Dass Artenschutz auch Klimaschutz bedeuten kann, erkennen inzwischen nicht nur Forschende, sondern auch die Politik an. So sagte Bundesumweltministerin Steffi Lemke am Rande der Weltklimakonferenz in Baku vor einigen Wochen: "Dass diese Dinge miteinander verzahnt sind und nicht getrennt voneinander gelöst werden können, wird immer deutlicher. Und dass natürlicher Klimaschutz sowohl für die Vorsorge, für die Klimaanpassung als auch für das Einspeichern von CO2 in natürlichen Ökosystemen der Schlüssel ist."

So sollen zukünftig die Weltklima- und die Weltbiodiversitätskonferenz auch stärker zusammenarbeiten.  

Auch an Land effektiver Arten- und Klimaschutz

Neben dem Schutz von Walen können dabei auch andere Maßnahmen sowohl der Biodiversität als auch dem Klima nützen. Werden zum Beispiel Moore wiedervernässt oder Wälder so wiederaufgeforstet, dass keine Monokulturen entstehen, kann das sowohl zu einem größeren Artenreichtum bei Tieren und Pflanzen in den Bereichen als auch zu größeren Kohlenstoffsenken führen.  

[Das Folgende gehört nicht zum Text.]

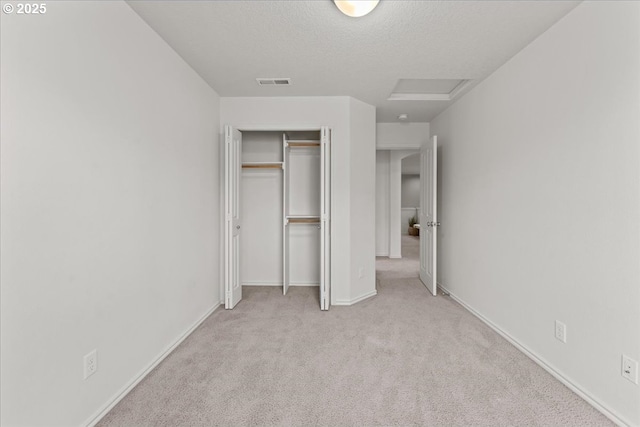 6638 NW Joss Ave, Portland, OR 97229 - unfurnished bedroom with attic access, carpet flooring, a closet, a textured ceiling, and baseboards
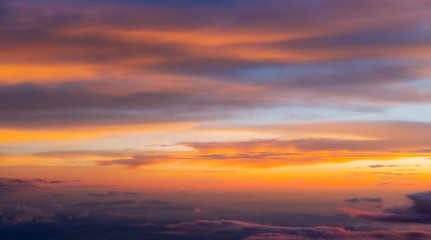 Sunset sky background vivid color sky background. view from plane.
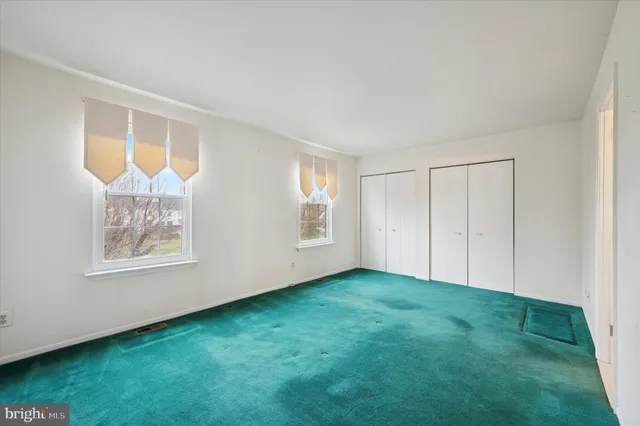 a view of an empty room with window and closet area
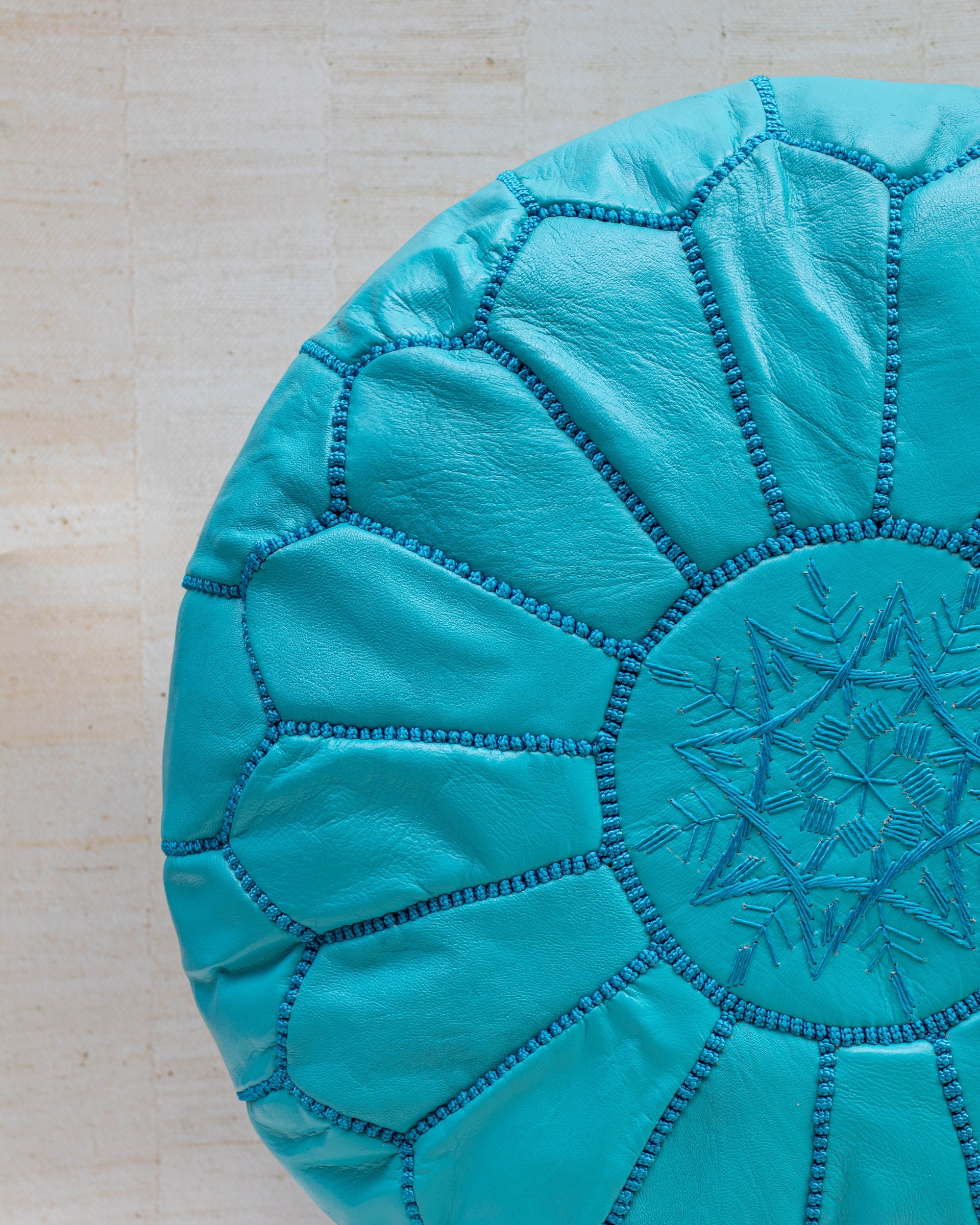 Turquoise leather pouf with hand-stitching – embroidery detail close-up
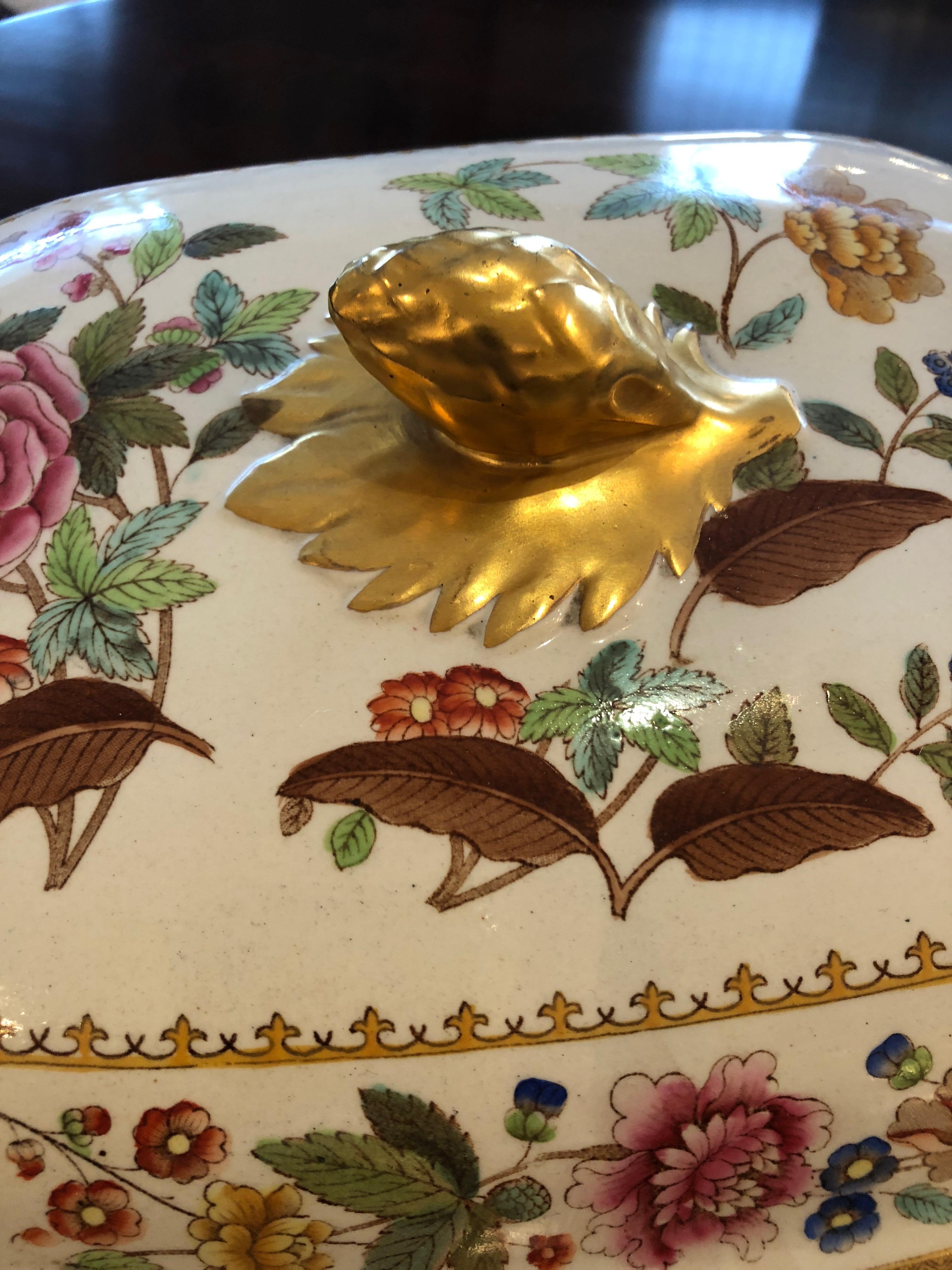 Gorgeous 19th century English porcelain soup tureen and underneath platter with floral and bird motif in gorgeous colors with gold leaf finial and handles, against a white background.
Measures: Tureen is 14 inches wide, 9.75 D, 8 H.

Eine Studie geht davon aus, dass wenn weltweit nur 15 Prozent von Landflächen in strategisch sinnvollen Gebieten renaturiert würden, ungefähr 60 Prozent der sonst aussterbenden Arten geschützt würden. Gleichzeitig würden langfristig 300 Milliarden Tonnen CO2 gebunden. Das entspricht ungefähr 14 Prozent der gesamten seit Beginn der Industrialisierung von der Menschheit ausgestoßenen CO2-Menge.  

Hans-Otto Pörtner warnt allerdings davor, ausschließlich auf Renaturierungsmaßnahmen zu setzen. "Die Raten, mit denen uns diese Systeme CO2 abnehmen, sind sehr langfristig und sie können in keinem Fall ein Ersatz für das ambitionierte Runterfahren der Emissionen sein", sagt er. "Wir sollten sie nicht als Entschuldigung benutzen, weiter fossil unterwegs zu sein."